Selon la publication de Guillaume Le Blanc dans le revue Esprit.....


Sans aucun doute la situation actuelle est-elle le symptôme politique le plus éclatant de 40 ans d’oubli de la question sociale. Il était une fois la gauche en France lorsque Pierre Mauroy et François Mitterrand auront tenté durant plus de trois ans de constituer à leur façon un nouveau front populaire. Il vaut la peine de relire la déclaration de politique générale prononcée par le premier ministre Pierre Mauroy à l’Assemblée Nationale le 8 juillet 1981. On y découvre que le centre de gravité de la gauche est bien la lutte contre les injustices sociales engendrées le libéralisme : « Ce que la France a décidé, c’est de dire non à l’injustice, de ne plus accepter l’arrogance de quelques-uns, de rejeter le libéralisme sauvage et ses effets catastrophiques  » peut-on lire. Suit une critique de la déshumanisation du travail présentée comme un mal inévitable, de l’inégalité de la redistribution des efforts portant sur les épaules les plus faibles, le refus que les seuls chiffres dictent la vérité au pays. Dans son discours d'investiture, Pierre Mauroy n’hésite pas à réaffirmer que « le projet de civilisation de la gauche » est celui de la « relance de la solidarité nationale » et d’un nouvel humanisme capable de remettre la machine au service de l’homme. Cette déclaration de politique générale n’est pas restée lettre morte.
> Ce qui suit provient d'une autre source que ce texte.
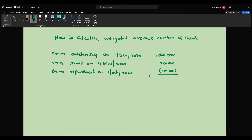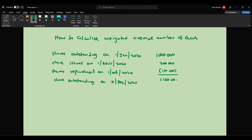Therefore, the total shares outstanding on 31st December 2020 is 1.1 million. Based on this information, let us try to calculate the weighted average number of shares.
Elle a donné lieu à la réalisation de près de 90 propositions sur les 110 du candidat François Mitterrand, sous la forme de 345 textes de loi votés sous sa mandature, parmi lesquels les lois portant sur la décentralisation et la justice spatiale, sur le passage aux 39 heures hebdomadaires et l’instauration d’une 5ème semaine de congés payés, sur les droits des travailleurs avec les lois Auroux (justice sociale), sur les nationalisations.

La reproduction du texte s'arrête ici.